アフリカを通して人間の安全保障を考える「世界とつながろうプロジェクト2022 JICA×AFPBB News」のセミナーに牧野副所長が登壇

2022.08.05

2022年7月16日、JICA主催のオンラインセミナー「激変する世界の中で人間の安全保障をアフリカから考えてみよう」にて、JICA緒方貞子平和開発研究所(JICA緒方研究所)の牧野耕司副所長が登壇し、大学生を中心とした多数の参加者と共に人間の安全保障とアフリカについて議論しました。

このセミナーは、若い世代が国際課題に目を向け、知り、考え、同世代に伝えてほしいとの思いからJICAが立ち上げた「世界とつながろうプロジェクト2022 JICA×AFPBB News」の第一弾イベント。AFP通信が配信する日本語のニュースサイト「AFPBB News」と、国際関係や国際政治を学ぶ大学生の学術団体「十大学合同セミナー」とのコラボレーションによりスタートしました。

牧野副所長は「今日の人間の安全保障とアフリカ」と題して講演し、まず、人間の安全保障とは、さまざまな脅威に対して弾力性のある強い(レジリエントな)社会をつくることで、人々の命、暮らし、尊厳を守る概念であること、人間の安全保障は持続可能な開発目標(Sustainable Development Goals: SDGs)の基盤であり、SDGsを下支えする基盤となること、人間の安全保障には保護とエンパワーメントという二つのアプローチがあることを紹介。続いて、アフリカが現在直面する脅威については、新型コロナウイルス感染症の影響、気候変動に対する脆弱性の増大、ロシアによるウクライナ侵攻が引き起こした食糧危機を挙げました。また、連鎖・複合する脅威に対応するには、人間の安全保障の視点を生かした分野横断的な取り組みが必要だとし、まずどのような脅威があるかを分析して、保護とエンパワーメントの二つのアプローチで人々と社会のレジリエンスを強化すること、そのためには、政府、NGO、民間企業、国際機関などの複数のプレーヤーの連携が極めて重要だと述べました。最後に牧野副所長は、「アフリカが大変だという話もしたが、実はアフリカはタフでダイナミック。例えばタンザニアのマサイの人は、だだっ広い草原でソーラーパネルを使い、スマートフォンを持っているという実態もある。石を使った干ばつに強い農法という伝統的な工夫もある。こんなアフリカで、人間の安全保障に基づいてレジリエントな社会をつくるにはどうしたらいいか議論したい」と締めくくりました。

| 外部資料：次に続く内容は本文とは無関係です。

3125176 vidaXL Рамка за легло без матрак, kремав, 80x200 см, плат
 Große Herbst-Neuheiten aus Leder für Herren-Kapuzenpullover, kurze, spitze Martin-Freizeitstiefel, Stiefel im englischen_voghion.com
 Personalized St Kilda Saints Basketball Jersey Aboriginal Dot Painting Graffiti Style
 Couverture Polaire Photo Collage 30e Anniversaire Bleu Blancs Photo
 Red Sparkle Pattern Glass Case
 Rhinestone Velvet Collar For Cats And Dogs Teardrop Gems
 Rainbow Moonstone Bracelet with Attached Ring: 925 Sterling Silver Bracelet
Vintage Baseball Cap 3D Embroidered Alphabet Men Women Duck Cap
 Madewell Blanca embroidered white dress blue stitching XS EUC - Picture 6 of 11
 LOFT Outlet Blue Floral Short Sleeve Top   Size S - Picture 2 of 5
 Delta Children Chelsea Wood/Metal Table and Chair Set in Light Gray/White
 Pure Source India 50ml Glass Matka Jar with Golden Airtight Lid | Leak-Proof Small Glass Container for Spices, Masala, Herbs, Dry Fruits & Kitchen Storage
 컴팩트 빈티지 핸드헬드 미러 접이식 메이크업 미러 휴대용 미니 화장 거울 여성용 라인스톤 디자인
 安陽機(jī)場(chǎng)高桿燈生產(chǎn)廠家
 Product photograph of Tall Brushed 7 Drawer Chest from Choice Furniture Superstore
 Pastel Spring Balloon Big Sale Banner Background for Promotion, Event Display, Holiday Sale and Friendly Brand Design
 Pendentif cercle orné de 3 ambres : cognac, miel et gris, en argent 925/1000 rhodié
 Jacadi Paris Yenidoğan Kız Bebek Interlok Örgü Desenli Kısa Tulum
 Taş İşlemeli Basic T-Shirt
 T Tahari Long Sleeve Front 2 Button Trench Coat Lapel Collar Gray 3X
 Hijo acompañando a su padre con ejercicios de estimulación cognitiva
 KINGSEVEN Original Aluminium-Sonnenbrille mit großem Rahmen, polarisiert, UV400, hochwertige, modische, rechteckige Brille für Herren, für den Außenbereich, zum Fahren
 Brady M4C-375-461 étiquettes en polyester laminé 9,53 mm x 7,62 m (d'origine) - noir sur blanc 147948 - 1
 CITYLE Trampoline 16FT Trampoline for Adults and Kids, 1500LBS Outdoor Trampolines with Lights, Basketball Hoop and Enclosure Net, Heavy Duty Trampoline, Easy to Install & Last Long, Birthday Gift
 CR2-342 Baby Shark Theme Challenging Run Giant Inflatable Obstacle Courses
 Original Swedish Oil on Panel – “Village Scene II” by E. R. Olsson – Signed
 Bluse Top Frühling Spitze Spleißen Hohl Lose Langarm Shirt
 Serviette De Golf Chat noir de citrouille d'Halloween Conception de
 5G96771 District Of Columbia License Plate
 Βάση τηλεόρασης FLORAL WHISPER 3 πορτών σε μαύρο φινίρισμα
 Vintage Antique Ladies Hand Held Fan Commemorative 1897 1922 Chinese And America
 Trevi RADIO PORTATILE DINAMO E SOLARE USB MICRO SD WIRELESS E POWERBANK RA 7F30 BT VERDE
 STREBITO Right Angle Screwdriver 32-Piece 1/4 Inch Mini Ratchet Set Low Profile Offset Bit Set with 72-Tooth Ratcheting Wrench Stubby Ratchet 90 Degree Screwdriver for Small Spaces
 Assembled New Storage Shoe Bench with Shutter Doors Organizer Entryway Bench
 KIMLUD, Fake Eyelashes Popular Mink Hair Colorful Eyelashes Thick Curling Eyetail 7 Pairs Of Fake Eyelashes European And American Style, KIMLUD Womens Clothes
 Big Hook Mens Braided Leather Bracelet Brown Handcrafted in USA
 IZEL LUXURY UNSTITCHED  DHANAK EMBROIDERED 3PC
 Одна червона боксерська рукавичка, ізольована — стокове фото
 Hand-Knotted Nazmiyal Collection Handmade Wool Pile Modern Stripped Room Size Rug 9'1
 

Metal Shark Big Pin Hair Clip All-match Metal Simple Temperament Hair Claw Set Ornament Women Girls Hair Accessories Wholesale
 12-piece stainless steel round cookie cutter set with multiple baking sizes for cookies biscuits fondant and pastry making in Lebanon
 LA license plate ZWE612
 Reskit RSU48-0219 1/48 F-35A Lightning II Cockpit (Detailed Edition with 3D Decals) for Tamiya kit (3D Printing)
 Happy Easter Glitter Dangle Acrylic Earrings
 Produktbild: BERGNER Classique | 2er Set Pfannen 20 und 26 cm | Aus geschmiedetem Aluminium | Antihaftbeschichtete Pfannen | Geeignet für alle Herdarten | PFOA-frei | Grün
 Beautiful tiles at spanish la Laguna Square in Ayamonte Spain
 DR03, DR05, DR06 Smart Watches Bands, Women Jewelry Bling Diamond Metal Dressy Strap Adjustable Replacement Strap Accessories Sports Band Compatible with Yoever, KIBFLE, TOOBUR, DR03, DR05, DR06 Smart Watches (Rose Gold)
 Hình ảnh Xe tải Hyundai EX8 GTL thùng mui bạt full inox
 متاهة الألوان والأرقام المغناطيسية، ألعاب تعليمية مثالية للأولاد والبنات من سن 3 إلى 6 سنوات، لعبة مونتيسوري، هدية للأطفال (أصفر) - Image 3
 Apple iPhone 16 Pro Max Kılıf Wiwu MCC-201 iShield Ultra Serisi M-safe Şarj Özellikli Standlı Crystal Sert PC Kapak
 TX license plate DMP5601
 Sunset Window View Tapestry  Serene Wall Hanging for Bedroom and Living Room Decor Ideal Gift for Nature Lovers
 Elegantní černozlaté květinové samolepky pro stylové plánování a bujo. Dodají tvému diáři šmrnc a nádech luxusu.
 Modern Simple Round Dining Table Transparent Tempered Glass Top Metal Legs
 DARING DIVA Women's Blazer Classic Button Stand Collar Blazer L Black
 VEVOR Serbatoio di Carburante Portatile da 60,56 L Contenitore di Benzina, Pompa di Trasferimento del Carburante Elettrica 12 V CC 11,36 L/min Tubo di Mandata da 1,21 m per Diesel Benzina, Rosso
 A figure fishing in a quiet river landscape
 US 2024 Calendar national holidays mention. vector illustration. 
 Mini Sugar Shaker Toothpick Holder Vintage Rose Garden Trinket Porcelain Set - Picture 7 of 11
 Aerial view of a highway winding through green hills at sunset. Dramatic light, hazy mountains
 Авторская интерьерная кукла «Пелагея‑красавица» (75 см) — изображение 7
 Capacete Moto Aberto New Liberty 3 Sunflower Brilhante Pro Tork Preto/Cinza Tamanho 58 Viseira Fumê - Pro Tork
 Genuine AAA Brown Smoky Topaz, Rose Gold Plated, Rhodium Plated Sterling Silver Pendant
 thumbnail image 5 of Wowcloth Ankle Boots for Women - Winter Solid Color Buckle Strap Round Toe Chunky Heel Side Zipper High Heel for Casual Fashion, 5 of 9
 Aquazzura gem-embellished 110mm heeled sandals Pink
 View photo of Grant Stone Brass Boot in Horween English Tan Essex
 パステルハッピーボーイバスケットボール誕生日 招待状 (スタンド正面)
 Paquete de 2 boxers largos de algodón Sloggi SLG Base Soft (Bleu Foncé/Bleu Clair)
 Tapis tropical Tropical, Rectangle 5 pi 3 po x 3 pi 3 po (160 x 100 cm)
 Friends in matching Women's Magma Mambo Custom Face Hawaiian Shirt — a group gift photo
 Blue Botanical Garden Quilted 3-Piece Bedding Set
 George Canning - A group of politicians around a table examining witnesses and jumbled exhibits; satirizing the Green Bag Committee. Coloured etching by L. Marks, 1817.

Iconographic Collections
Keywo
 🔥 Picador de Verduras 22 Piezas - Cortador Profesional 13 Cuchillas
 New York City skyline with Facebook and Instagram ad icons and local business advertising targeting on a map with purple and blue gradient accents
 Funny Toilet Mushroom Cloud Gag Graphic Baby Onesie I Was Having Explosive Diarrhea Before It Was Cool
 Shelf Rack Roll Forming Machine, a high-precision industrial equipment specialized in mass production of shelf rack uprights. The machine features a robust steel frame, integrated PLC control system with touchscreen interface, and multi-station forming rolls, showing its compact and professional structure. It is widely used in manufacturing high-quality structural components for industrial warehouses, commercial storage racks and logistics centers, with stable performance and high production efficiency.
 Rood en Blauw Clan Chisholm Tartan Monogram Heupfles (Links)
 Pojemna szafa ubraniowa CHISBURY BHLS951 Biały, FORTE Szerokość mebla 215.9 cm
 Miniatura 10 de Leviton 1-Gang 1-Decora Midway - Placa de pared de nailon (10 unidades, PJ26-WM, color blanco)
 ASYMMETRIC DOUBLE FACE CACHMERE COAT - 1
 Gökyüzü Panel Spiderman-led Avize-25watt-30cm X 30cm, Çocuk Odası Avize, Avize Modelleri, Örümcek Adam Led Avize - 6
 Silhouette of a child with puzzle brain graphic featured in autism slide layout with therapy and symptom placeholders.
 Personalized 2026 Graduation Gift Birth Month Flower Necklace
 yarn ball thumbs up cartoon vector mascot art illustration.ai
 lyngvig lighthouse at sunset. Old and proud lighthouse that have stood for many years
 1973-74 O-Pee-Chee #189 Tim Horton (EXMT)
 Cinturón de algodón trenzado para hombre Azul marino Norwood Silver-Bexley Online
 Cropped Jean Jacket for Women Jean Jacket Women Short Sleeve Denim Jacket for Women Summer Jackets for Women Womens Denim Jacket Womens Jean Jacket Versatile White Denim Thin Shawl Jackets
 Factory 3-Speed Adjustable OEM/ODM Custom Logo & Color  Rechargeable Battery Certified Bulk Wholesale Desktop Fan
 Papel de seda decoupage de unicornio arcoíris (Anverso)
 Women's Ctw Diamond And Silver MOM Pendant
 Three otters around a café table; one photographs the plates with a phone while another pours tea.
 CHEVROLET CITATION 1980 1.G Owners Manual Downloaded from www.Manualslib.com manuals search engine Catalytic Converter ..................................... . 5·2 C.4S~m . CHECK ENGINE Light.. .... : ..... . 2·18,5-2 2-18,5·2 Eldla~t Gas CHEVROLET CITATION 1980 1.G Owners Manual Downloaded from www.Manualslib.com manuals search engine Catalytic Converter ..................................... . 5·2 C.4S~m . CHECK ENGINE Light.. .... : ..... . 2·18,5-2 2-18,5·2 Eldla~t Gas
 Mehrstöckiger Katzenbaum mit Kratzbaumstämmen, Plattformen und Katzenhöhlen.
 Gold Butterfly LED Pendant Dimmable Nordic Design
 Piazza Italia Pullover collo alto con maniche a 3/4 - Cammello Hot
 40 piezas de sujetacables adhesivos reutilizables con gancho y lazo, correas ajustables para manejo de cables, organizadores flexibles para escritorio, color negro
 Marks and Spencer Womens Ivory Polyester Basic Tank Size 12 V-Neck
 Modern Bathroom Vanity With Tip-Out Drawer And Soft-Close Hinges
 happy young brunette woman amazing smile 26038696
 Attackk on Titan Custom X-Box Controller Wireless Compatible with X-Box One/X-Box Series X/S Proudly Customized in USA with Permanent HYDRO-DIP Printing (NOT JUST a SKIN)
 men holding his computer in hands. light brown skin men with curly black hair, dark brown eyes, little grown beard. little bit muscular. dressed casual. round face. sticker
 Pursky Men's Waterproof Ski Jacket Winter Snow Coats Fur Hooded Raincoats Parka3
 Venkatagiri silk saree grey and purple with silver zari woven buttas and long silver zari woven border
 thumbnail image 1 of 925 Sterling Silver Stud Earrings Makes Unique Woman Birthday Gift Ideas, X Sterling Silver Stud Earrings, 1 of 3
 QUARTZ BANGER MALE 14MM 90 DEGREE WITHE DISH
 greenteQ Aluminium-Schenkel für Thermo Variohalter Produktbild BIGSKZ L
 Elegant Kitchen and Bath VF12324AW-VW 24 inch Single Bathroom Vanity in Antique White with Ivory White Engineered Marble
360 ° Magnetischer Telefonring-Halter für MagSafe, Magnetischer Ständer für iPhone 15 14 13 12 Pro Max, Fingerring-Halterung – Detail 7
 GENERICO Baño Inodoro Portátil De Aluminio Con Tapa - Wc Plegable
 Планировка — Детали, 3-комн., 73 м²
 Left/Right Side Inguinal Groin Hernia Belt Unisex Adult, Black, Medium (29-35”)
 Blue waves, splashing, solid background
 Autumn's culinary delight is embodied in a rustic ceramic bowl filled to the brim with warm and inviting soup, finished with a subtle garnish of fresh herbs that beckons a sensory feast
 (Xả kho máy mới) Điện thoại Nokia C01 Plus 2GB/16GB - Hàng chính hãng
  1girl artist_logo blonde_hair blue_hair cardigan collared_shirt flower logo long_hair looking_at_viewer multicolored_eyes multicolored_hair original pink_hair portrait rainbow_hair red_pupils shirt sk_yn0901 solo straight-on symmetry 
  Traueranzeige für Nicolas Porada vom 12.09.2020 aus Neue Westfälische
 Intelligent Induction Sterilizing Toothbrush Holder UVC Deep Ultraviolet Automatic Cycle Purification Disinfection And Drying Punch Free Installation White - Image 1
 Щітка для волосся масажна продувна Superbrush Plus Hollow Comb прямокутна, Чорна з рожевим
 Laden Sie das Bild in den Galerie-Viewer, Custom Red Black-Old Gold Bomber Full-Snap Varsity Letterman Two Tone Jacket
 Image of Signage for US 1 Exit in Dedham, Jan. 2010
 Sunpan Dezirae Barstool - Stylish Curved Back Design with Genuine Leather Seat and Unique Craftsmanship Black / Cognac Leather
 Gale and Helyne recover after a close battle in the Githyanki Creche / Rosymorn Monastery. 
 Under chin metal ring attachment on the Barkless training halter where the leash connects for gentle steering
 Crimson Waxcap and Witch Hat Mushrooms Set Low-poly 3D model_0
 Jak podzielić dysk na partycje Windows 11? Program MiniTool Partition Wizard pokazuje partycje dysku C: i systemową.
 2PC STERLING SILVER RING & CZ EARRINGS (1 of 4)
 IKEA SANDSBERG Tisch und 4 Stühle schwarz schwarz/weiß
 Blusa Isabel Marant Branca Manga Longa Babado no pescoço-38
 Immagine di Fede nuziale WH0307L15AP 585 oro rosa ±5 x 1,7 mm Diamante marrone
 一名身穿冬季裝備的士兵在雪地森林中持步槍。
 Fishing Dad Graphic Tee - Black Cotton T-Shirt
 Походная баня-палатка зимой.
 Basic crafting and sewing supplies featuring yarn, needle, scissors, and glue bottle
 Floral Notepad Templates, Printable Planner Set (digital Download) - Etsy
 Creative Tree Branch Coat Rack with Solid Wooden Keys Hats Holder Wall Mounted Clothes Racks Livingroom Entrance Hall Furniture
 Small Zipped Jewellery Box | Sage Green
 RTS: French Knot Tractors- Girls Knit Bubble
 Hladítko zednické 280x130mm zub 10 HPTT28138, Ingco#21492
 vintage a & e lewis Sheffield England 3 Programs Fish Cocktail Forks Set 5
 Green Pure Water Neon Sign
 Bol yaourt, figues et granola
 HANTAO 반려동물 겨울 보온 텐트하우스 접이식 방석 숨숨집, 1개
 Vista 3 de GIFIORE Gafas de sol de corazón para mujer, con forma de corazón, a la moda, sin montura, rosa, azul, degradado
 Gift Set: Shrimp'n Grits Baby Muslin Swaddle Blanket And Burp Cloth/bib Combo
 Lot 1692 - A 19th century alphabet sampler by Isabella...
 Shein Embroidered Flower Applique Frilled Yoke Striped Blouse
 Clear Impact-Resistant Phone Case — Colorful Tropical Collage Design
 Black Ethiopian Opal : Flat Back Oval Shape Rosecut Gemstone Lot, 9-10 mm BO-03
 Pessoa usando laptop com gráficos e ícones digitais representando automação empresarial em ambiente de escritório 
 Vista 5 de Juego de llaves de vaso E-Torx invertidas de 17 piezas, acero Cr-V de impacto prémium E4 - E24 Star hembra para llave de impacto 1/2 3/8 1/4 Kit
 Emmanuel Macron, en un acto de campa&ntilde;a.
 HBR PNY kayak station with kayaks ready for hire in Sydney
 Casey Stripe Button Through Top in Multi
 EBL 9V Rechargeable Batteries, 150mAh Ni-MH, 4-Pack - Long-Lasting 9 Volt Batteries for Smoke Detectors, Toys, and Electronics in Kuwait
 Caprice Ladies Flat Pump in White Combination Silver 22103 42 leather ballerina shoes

「今日の人間の安全保障とアフリカ」と題してJICA緒方研究所の牧野耕司副所長が講演

セミナー後半には、東アフリカ地域における武力紛争などを研究する慶應義塾大学法学部の杉木明子教授のほか、南スーダン出身で紛争を経験し、現在はJICA長期研修員として広島大学大学院に在学中のカミス・ボル・アヤク・アグアル氏、そして牧野副所長の三人によるパネルディスカッションが行われました。それぞれの体験に基づき、困難で厳しい環境に置かれながらも力強く生きているアフリカの人々の様子を紹介しつつ、差し迫る脅威やリスクを乗り越え、尊厳を持って生きられる社会をつくるには何が必要か議論しました。

「人間の安全保障の実現に、自分に何ができるか考えてほしい」と呼びかけた牧野副所長

その中で牧野副所長は、モバイルマネーが先進的に広がっていることなどを挙げつつアフリカは非常にユニークでポテンシャルがあるとし、JICAによるアフリカの社会起業家を支援するビジネスプランコンテスト「NINJA(Next Innovation with Japan)」を紹介。また、「脅威の一つとしてのデジタルの問題をアフリカの開発においてどう考えるか」という参加者からの質問に対しては、「デジタルトランスフォーメーションは非常に重要だが、プラスとマイナスの両面がある。サイバー攻撃などのマイナスの面にも注意しつつ、人間の安全保障の実現のためにうまく使うことも必要で、この双方を見ていくことが今のアフリカでの課題」と述べました。最後に、「自分にとっての人間の安全保障とは何か、そしてそれを実現するために、小さなことでも自分に何ができるか考えてほしい」とコメントし、参加者にアクションを呼びかけました。